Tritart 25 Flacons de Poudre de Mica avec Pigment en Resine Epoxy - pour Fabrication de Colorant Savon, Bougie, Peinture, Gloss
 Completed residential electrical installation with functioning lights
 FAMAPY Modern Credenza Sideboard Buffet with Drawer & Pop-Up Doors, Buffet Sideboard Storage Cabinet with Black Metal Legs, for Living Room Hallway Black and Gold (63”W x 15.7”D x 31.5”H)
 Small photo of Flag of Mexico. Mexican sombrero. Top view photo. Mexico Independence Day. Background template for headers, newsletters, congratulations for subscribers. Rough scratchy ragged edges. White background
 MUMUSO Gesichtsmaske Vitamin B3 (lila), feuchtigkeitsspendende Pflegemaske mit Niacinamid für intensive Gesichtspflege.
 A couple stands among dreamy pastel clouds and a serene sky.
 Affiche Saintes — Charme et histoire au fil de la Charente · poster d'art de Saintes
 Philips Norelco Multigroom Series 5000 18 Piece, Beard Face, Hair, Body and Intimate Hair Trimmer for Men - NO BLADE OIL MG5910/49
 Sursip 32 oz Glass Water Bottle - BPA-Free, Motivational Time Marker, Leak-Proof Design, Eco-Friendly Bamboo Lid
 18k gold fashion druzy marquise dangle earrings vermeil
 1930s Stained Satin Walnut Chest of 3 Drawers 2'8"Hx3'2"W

* [What to work on] Your task is to restate, word for word, only those lines above that fall between the line holding "Completed residential electrical" and the line holding "Affiche Saintes —", inclusive.

* [Response to this task]
 Completed residential electrical installation with functioning lights
 FAMAPY Modern Credenza Sideboard Buffet with Drawer & Pop-Up Doors, Buffet Sideboard Storage Cabinet with Black Metal Legs, for Living Room Hallway Black and Gold (63”W x 15.7”D x 31.5”H)
 Small photo of Flag of Mexico. Mexican sombrero. Top view photo. Mexico Independence Day. Background template for headers, newsletters, congratulations for subscribers. Rough scratchy ragged edges. White background
 MUMUSO Gesichtsmaske Vitamin B3 (lila), feuchtigkeitsspendende Pflegemaske mit Niacinamid für intensive Gesichtspflege.
 A couple stands among dreamy pastel clouds and a serene sky.
 Affiche Saintes — Charme et histoire au fil de la Charente · poster d'art de Saintes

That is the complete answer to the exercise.